Mateo Cruz, Bentley University – Response to Systemic Stereotype Threat
On Bentley University Week: There are many challenges for women in STEM fields.
Mateo Cruz, Mateo Cruz, assistant professor of management, explores responses to systemic stereotype threat in the workplace.
Dr. Mateo Cruz (Ph.D., Social-Organizational Psychology, Columbia University) is an Assistant Professor of Management at Bentley University. His primary research focuses on diversity, equity, and inclusion (DE&I) in workplace contexts using an intersectional lens. His most recent projects examine the different ways women and people of color contend with systemic stereotype threat in occupations where they face chronic underrepresentation. As a scholar-practitioner, Mateo’s work is guided by one central goal – to design and deliver evidence-based interventions that advance change leaders at the intersection of identities. He holds 15+ years of experience as an organization development (OD) consultant specializing in inclusive leadership, group & team dynamics, and organization change. He is a proud member of Bentley University’s Racial Justice Task Force and serves as a faculty advisor to The Gloria Cordes Larson Center for Women and Business. In 2020, Mateo received The Joseph M. Cronin Award for Excellence in Academic Advising and Mentoring.

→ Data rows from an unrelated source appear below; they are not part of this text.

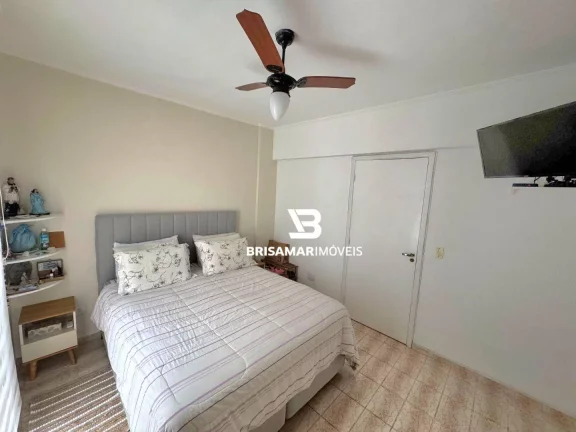 Imagem ASTÚRIAS- LOCALIZAÇÃO ESPETACULAR , MARAVILHOSO APARTAMENTO , GARAGEM NO PRÉDIO.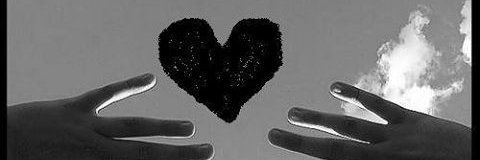 MartinezMarAndr's profile banner image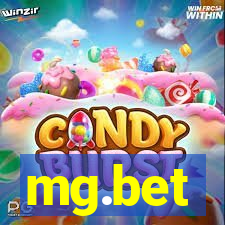 mg.bet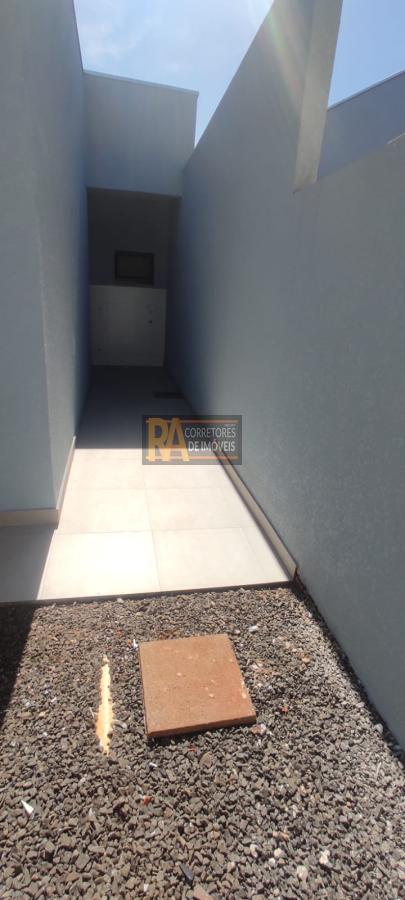 Casa à venda com 2 quartos, 114m² - Foto 12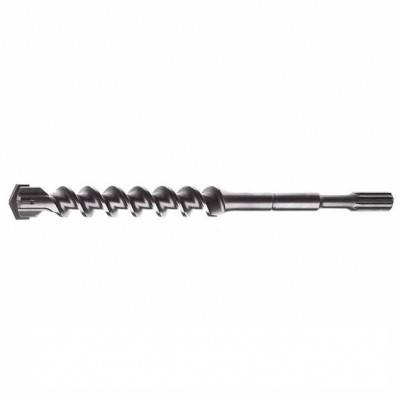 Будкрам купить Шестигранный ударный бур T.C.T. 38х250 мм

Response to Systemic Stereotype Threat
Consider the following scenario: It is your first day on the job as a female math professor. En route to your first faculty meeting, a senior male colleague approaches you with a printed agenda and curtly instructs: “Make 20 copies and bring them to the meeting.”
Researchers characterize this scenario as an acute stereotype-threatening cue. Although the interaction is brief, it can heighten anxiety and deplete executive resources needed for optimal performance. Much is known about how individuals respond to acute stereotype-threat, yet far less about how people contend with cues on an ongoing basis.
Our work, led by Dr. Caryn Block at Columbia University, examines how women in STEM navigate careers infused with systemic stereotype threat, a chronic form of stereotype threat that exists in work environments that espouse meritocracy, but implicitly signal that racial or gender disparities are a result of group deficiencies, not institutional factors. While there are many cognitive and behavioral strategies women engage to mitigate systemic stereotype threat, the strategies they choose cluster into three distinct response patterns. Each pattern is influenced by a woman’s perception of threat and her goals for managing a threatened identity. There is no one “right” way to respond, each pattern has associated costs and benefits.
In an era with no shortage of advice about how women should navigate male-dominated careers, too often women are treated as a monolith. However, we know that not only do women respond to threats differently, but their responses are influenced by the organizational context where they work. Thus, for STEM interventions to be effective, we need less focus on “fixing the woman” and more on “fixing systems.”